Au début des années 90, l’agence parisienne BDDP était en pleine croissance et commençait à s’étendre rapidement à travers l’Europe. Jean-Claude Boulet, Marie-Catherine Dupuy et Jean-Pierre Petit demandèrent à Jean-Marie Dru, leur quatrième associé, de définir la méthode BDDP pour créer un langage commun qui serait facilement reproduit dans tous les pays.
Initialement réticent à l’idée d’imposer une méthodologie qui pourrait brider la créativité, Jean-Marie Dru réussit le pari en observant comment ses équipes remettaient systématiquement en question les conventions établies. Le terme parfait existait, c’était Disruption. À l’époque, ce terme était relativement peu utilisé en anglais et presque inconnu dans le monde francophone des affaires.
En 1995, ce concept prit une dimension nouvelle lorsque TBWA, qui venait de fusionner avec BDDP, présenta à Steve Jobs la campagne Think Different. Dans un marché dominé par les spécifications techniques, Apple rompait avec les conventions en célébrant les visionnaires qui « voyaient les choses différemment ». Cette campagne devenait l’incarnation parfaite de cette philosophie.

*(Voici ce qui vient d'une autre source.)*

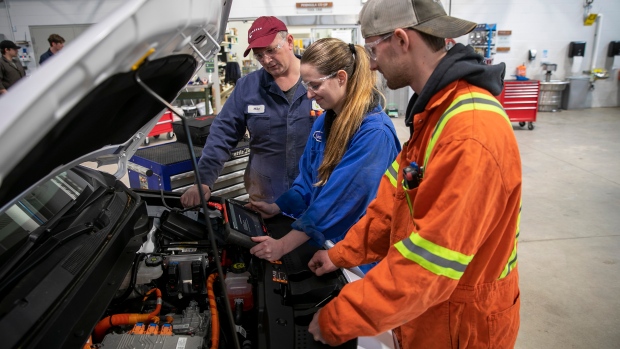 As colleges slash programs, concern grows about less choice for students, and impact to workforce; Mike Bocsik, an instructor in the automotive service technician apprentice and foundation program at Camosun College, guides students Chantal Webster, 24, and Cole Unger, 21, in the Victoria school's auto shop on Thursday, March 10, 2023\.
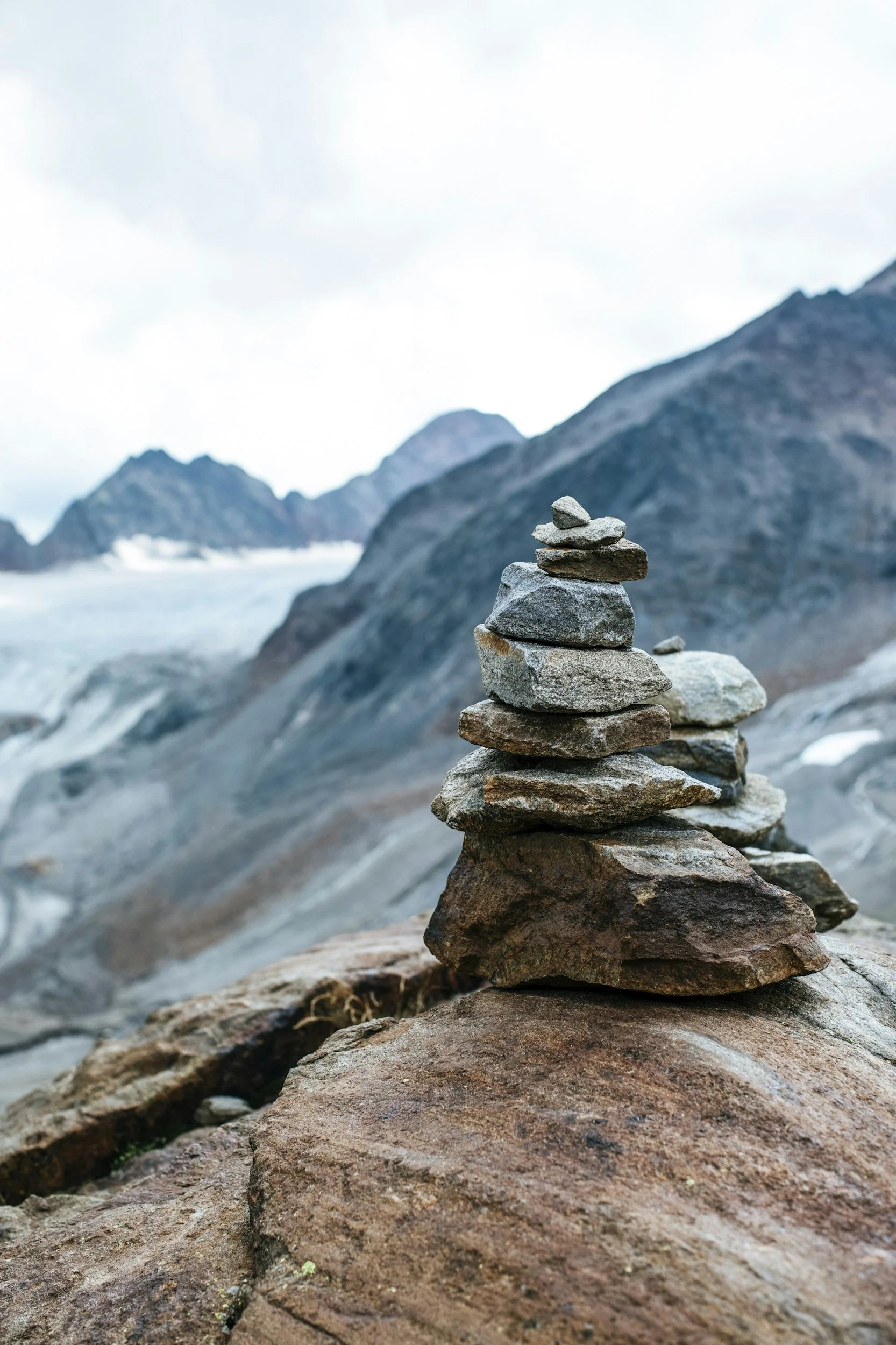 Stacked rocks on a rocky surface with mountain landscape in background.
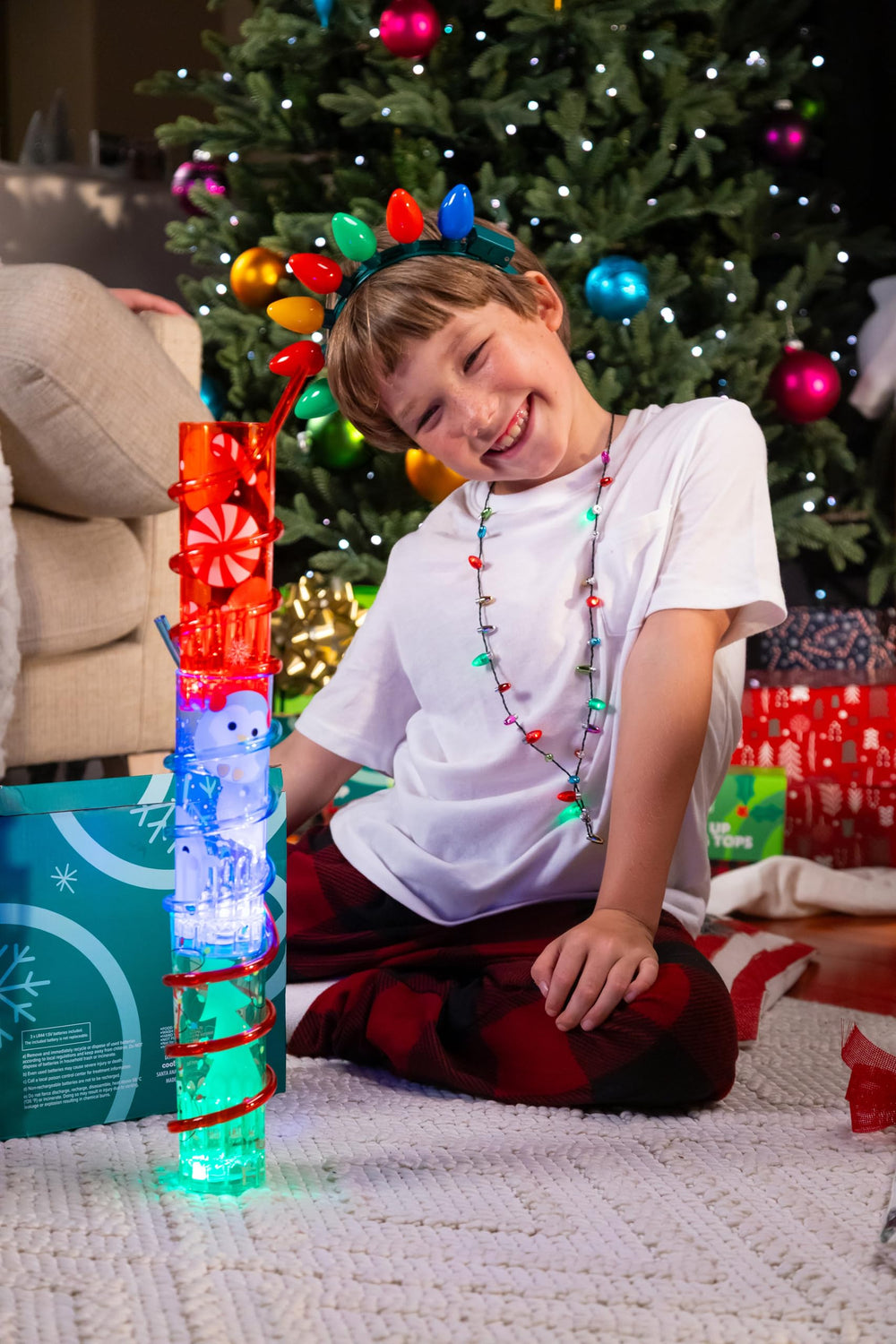Child toasting with Cool Things Corp glow cups during celebration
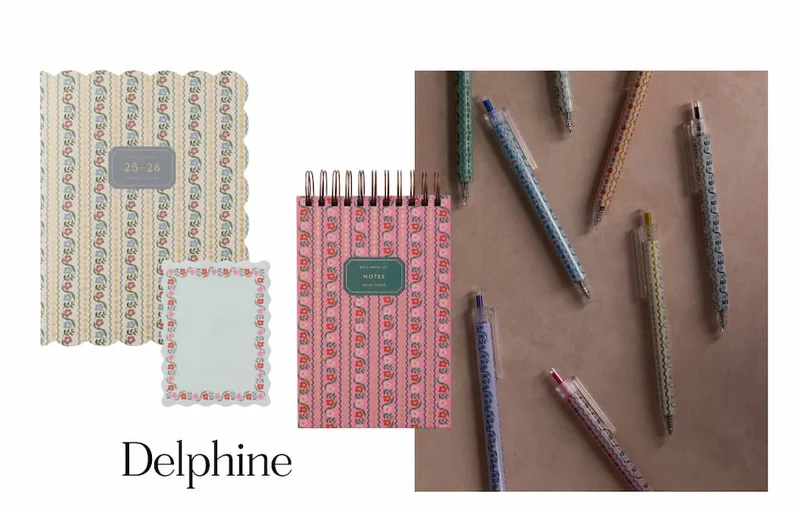 Delphine-patterned planner, notepad, and pens in soft floral stripes, with "Delphine" text at bottom.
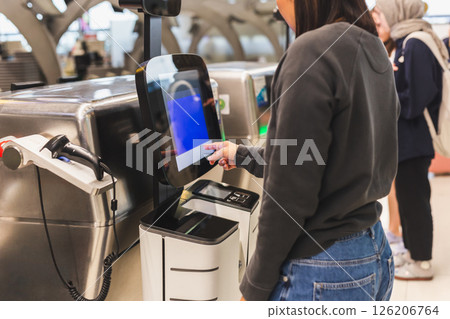 Woman using service machine for self check in at airport. 126206764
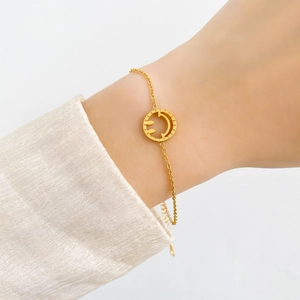 Détail d'un bracelet doré avec pendentif smiley ajouré et chaîne ajustable délicate
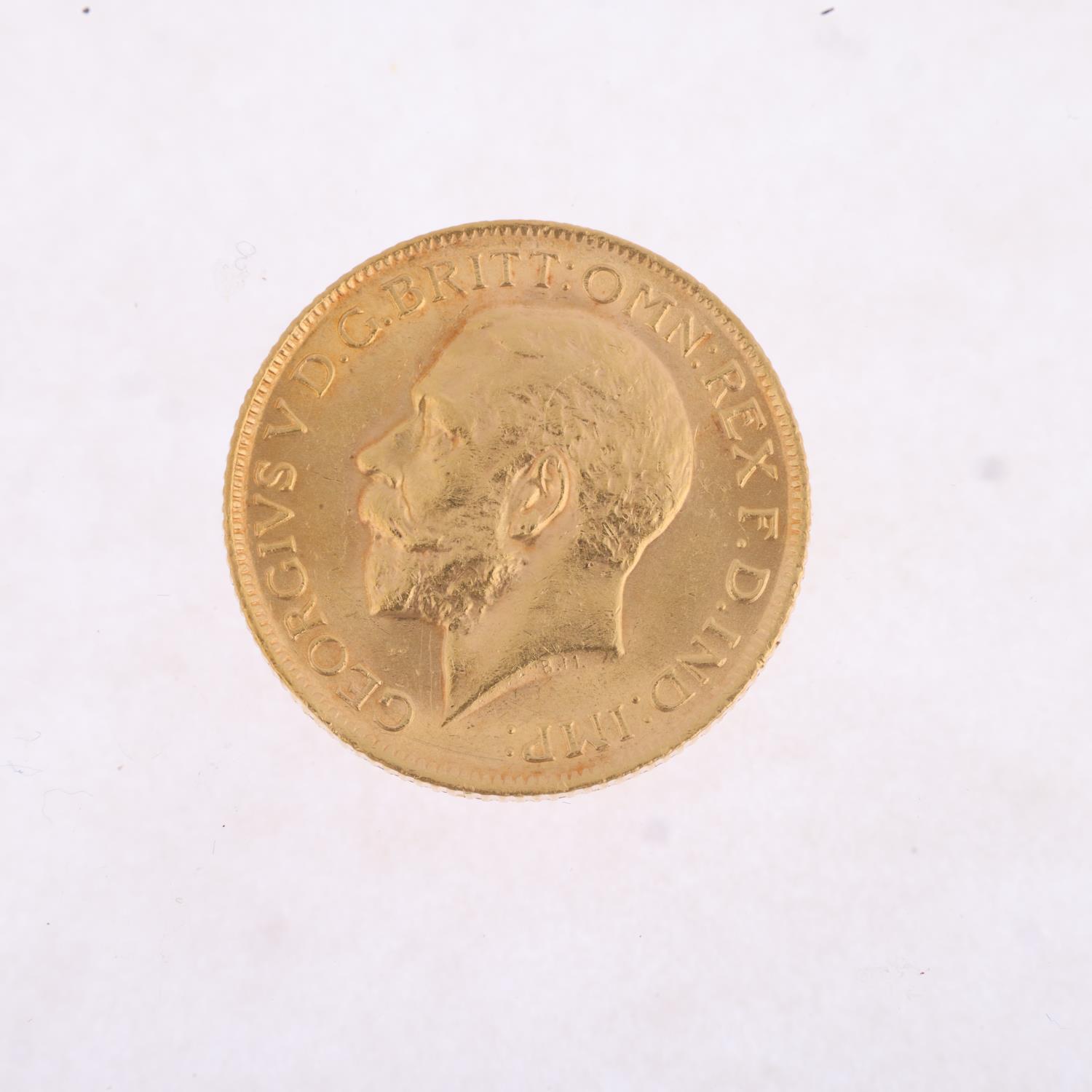 A George V 1913 gold full sovereign coin, 7.9g Light wear to high points - Image 2 of 4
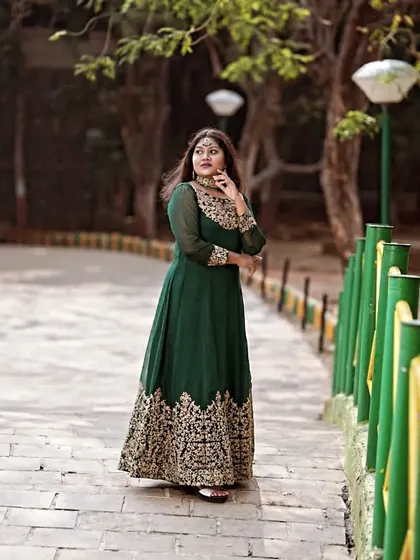 A full-length shot in a park, capturing the elegance of the green Anarkali as the model looks away thoughtfully.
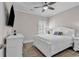 Well-lit bedroom featuring a full-size bed, a ceiling fan, and wooden flooring at 226 9Th Ave. S, North Myrtle Beach, SC 29582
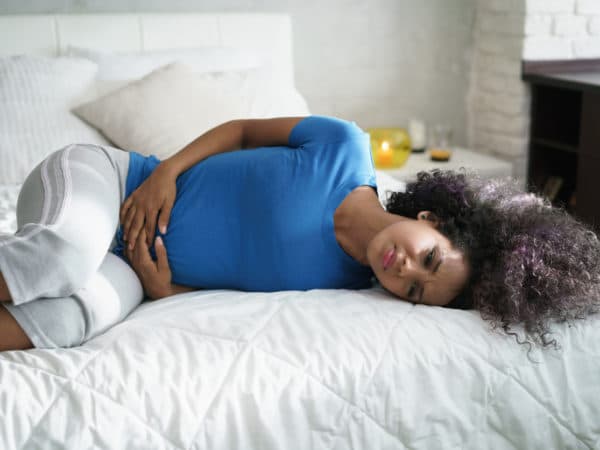 Black or Latinx woman laying on her side clearly in pain, with her hands near her groin.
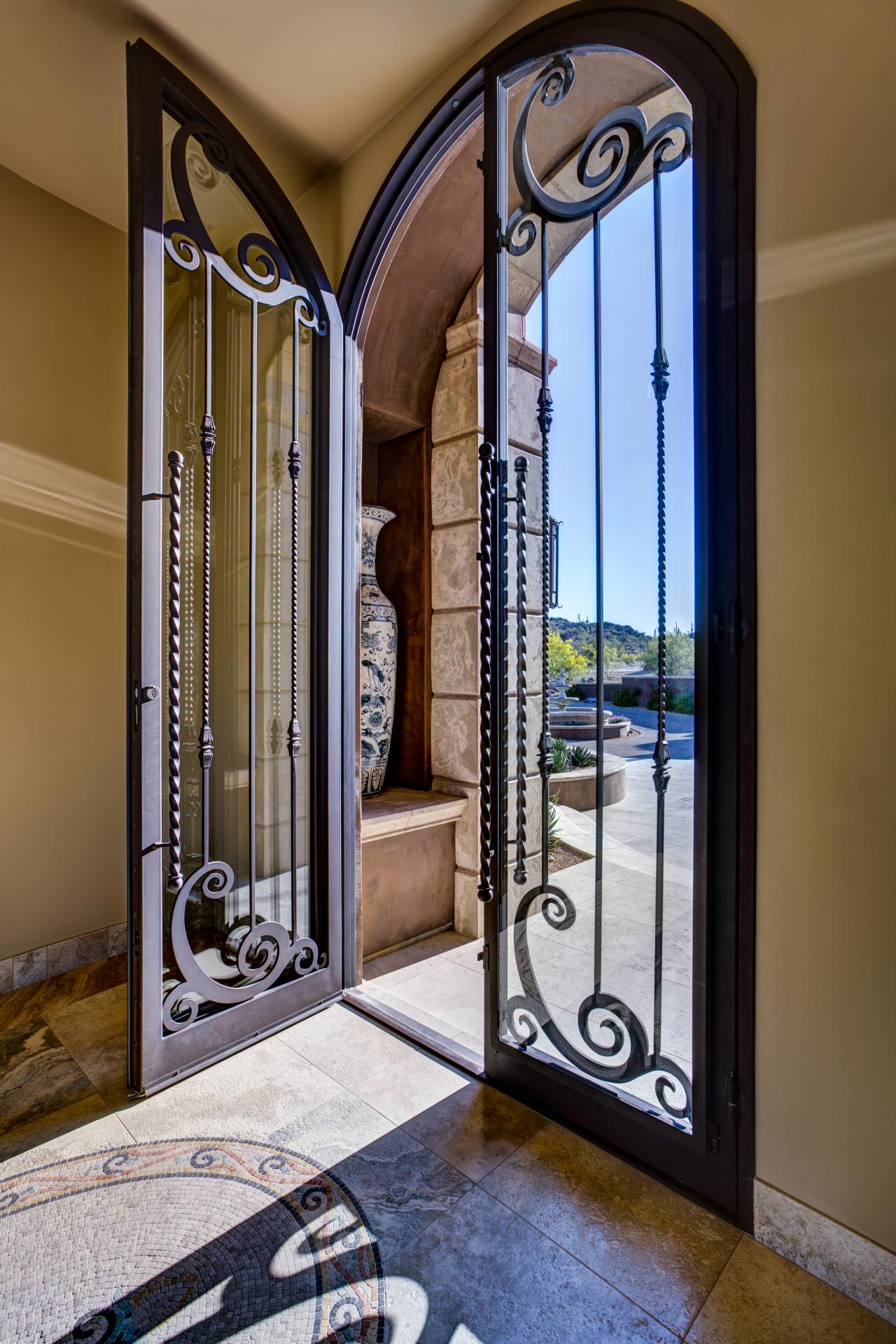 1920 #1E58AD Home Entryway With Tall Glass And Wrought Iron Door A Double Door save image Iron And Glass Entry Doors 40971280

D’abord méthodologie publicitaire, puis concept central chez TBWA, le terme s’est finalement imposé dans le vocabulaire mondial, selon Google Books Ngram Viewer, l’utilisation du terme disruption a augmenté de plus de 400% entre 2005 et 2020. Le terme disruption a d’ailleurs été déposé dans de nombreux pays et est propriété de TBWA.
Aujourd’hui, chaque fois qu’une entreprise se revendique « disruptive », elle fait écho, souvent sans le savoir, à cette approche née dans une agence parisienne, il y a plus de 30 ans.
***Jean-Marie Dru raconte très bien cette histoire dans son dernier livre Les Canards Majuscules.